In today’s world, there is no shortage of images and messages of “more is better.”  We may have heard the saying, “whoever dies with the most toys wins.”  Lyrics from a well-known Pink Floyd song tell us, “Money, get away, you get a good job with more pay and you’re okay.  Money, it’s a gas, grab that cash with both hands and make a stash.”

While I believe the coining of the saying and the writing of the lyrics were meant to be satire, they would not have the sting that they do unless there was an underlying pervading culture that supports the idea that monetary wealth is an end unto itself.

Materialism is in no way merely a modern phenomenon.  Shakespeare pokes fun at the self interest of both the “haves” and the “have nots”:  “Whiles I am a beggar, I will rail and say there is no sin but to be rich; and being rich, my virtue then shall be to say there is no vice but beggary.”  Philip the Bastard, soliloquy.  King John, Act 2, scene 1.

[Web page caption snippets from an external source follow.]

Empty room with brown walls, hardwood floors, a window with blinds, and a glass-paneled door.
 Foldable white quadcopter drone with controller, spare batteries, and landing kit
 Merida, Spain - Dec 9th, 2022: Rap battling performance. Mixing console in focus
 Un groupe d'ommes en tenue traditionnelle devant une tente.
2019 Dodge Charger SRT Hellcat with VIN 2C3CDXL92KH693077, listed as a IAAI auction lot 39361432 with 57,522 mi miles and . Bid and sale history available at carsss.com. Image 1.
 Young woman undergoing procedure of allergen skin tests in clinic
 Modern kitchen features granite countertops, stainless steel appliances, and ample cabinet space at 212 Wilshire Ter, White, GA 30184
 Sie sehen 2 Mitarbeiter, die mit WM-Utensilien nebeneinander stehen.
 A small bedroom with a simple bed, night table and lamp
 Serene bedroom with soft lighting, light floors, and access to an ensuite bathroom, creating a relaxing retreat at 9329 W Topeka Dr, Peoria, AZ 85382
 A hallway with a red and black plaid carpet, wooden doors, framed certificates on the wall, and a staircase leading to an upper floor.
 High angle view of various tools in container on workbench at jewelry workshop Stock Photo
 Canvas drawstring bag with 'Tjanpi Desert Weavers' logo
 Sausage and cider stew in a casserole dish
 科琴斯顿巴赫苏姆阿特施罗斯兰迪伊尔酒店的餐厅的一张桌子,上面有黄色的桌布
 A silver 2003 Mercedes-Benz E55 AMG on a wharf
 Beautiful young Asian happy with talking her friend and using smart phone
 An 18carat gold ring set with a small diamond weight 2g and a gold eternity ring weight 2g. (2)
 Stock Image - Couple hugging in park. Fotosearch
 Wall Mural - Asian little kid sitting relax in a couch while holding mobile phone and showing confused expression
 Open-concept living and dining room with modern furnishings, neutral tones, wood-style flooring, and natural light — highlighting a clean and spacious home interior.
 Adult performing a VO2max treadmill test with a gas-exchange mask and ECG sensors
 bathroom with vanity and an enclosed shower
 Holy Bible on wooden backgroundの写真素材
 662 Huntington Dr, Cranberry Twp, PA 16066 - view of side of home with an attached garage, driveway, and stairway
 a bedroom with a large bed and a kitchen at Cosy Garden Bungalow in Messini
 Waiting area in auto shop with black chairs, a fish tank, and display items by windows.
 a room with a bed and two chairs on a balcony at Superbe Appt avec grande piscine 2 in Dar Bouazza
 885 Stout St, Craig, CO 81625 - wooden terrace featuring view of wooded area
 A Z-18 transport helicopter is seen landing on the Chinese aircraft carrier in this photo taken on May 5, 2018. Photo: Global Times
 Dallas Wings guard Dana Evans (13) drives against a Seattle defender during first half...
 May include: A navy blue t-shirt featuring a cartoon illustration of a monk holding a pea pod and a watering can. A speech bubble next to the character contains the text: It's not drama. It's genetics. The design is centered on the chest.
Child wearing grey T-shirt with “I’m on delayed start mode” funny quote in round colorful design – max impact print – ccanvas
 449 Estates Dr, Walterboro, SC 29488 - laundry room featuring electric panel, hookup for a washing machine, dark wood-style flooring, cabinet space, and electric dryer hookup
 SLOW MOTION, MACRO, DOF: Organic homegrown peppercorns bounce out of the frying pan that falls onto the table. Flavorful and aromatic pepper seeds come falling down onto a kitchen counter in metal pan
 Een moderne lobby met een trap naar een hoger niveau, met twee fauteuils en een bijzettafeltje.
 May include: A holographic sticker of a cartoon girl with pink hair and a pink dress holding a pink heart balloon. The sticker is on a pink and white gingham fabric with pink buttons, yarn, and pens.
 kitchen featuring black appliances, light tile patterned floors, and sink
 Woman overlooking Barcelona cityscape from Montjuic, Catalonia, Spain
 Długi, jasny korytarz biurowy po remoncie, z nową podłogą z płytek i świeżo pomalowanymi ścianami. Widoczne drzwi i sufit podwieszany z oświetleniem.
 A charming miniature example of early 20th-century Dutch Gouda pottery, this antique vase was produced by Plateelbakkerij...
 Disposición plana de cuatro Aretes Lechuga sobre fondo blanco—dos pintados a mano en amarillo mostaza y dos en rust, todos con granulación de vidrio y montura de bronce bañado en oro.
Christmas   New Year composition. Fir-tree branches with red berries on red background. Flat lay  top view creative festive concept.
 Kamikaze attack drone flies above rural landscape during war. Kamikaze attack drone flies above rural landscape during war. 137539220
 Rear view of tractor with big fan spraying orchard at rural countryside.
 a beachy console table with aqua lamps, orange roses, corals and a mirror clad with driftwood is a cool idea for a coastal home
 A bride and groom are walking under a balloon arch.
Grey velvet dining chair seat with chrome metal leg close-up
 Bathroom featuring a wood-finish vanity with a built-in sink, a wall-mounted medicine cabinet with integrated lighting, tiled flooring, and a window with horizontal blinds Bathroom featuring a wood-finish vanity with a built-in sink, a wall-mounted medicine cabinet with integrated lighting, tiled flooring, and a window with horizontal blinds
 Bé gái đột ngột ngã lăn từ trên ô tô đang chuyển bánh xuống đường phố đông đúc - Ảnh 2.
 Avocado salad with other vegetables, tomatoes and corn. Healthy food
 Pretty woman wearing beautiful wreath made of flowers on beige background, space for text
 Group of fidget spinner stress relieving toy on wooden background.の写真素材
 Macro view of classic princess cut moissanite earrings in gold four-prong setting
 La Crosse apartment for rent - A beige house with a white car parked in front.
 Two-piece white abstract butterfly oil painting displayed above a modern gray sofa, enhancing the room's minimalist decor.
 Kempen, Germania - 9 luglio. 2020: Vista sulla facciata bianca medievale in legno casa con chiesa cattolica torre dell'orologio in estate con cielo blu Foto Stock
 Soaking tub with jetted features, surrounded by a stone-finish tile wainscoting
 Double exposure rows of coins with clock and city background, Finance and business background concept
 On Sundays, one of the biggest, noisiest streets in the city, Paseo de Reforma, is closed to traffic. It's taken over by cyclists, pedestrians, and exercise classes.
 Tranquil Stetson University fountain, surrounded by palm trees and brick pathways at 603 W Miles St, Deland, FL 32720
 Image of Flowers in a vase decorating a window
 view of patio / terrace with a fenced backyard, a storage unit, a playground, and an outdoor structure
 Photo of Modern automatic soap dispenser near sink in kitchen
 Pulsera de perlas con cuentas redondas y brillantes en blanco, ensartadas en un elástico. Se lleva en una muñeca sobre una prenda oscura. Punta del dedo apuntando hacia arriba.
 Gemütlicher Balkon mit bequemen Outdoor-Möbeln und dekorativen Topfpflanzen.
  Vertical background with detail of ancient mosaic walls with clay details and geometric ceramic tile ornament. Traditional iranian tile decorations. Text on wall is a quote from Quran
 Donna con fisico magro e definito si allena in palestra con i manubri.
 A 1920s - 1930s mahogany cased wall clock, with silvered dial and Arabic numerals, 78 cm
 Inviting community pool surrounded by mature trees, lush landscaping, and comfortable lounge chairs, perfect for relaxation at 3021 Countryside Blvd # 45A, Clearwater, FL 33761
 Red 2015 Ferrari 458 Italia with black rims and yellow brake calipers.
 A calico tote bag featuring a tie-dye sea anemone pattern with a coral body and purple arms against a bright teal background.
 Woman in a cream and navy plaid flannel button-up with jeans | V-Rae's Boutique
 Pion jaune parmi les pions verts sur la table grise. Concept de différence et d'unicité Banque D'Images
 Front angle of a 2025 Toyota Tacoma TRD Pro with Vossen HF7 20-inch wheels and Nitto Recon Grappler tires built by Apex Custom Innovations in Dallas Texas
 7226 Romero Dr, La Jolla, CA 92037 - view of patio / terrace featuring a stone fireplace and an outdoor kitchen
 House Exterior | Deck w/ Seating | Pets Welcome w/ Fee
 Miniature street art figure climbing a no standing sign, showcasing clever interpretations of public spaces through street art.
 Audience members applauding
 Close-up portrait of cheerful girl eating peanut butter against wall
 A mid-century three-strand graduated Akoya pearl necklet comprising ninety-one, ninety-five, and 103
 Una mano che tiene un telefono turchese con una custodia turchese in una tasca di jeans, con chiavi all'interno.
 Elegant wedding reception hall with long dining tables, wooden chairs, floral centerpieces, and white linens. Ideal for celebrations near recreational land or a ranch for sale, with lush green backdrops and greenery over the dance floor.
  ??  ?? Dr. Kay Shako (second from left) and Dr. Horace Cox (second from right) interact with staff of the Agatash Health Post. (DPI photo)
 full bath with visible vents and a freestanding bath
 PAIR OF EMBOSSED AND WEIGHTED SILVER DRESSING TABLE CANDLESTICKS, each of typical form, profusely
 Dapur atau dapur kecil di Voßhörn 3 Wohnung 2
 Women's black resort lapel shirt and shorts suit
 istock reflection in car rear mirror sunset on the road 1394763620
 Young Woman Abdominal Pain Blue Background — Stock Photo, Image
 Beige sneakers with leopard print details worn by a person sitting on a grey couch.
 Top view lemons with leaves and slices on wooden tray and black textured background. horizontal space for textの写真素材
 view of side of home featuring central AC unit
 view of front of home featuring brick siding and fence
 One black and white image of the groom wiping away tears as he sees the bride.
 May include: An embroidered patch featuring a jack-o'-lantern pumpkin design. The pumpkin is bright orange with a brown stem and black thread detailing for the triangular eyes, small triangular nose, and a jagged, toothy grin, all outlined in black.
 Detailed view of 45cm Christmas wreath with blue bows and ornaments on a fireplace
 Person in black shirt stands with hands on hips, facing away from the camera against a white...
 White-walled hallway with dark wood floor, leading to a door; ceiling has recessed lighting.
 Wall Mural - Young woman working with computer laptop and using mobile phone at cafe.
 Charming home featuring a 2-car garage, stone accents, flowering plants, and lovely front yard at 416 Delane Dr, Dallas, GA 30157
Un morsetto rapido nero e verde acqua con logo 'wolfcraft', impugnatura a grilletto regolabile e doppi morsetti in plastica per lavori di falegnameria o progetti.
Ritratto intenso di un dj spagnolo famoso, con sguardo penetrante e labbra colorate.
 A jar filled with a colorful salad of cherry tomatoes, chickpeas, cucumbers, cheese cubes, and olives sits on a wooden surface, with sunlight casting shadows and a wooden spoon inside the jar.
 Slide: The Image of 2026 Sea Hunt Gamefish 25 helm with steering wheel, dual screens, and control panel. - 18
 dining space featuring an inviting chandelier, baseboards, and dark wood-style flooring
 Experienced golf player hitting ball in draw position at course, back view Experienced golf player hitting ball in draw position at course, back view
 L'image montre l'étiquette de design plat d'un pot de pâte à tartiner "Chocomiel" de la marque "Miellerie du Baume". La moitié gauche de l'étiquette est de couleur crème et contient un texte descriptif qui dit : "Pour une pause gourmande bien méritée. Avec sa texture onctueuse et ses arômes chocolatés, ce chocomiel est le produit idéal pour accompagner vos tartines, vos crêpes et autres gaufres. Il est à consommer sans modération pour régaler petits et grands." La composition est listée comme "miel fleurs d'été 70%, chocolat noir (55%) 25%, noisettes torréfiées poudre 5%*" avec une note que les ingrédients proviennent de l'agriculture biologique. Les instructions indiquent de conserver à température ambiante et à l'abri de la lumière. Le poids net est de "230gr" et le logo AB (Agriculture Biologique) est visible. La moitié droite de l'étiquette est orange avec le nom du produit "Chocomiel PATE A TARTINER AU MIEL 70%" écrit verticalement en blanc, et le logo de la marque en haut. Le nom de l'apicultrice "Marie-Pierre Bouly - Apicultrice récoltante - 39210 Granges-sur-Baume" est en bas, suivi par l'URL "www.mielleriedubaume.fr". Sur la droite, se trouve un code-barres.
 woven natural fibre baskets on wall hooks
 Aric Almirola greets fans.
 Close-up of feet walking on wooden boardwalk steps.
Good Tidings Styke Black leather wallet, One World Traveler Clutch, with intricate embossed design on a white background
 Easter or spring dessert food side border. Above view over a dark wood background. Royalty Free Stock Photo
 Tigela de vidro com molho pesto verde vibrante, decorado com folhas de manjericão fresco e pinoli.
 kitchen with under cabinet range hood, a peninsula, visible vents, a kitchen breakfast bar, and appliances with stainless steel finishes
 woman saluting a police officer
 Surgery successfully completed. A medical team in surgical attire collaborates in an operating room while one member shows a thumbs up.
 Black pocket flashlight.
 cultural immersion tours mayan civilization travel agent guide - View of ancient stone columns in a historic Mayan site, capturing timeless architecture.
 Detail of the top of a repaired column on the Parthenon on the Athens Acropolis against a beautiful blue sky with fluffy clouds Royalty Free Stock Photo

Historically, Christianity has taught that earthly riches are not to be valued, and in fact were an impediment to eternal salvation.  This is in part based on the story of Jesus and The Rich Young Man:

Jesus told him, “If you want to be perfect, go, sell your possessions and give to the poor, and you will have treasure in heaven. Then come, follow Me.”  When the young man heard this, he went away in sorrow, because he had great wealth.  Then Jesus said to His disciples, “Truly I tell you, it is hard for a rich man to enter the kingdom of heaven. Again I tell you, it is easier for a camel to pass through the eye of a needle than for a rich man to enter the kingdom of God.”  Matthew 19:21-24

For most of human history, religious and political authority were one and the same.  Christian kings and popes used the above Bible passage as a means to explain to the people, the vast majority of whom were poor, not to worry about earthly wealth because they would receive their compensation in the afterlife in heaven.  To want for money was an evil, and that royalty and the aristocracy were ordained by God, and that rich people were rich and poor people were poor because that was how God wanted things to be.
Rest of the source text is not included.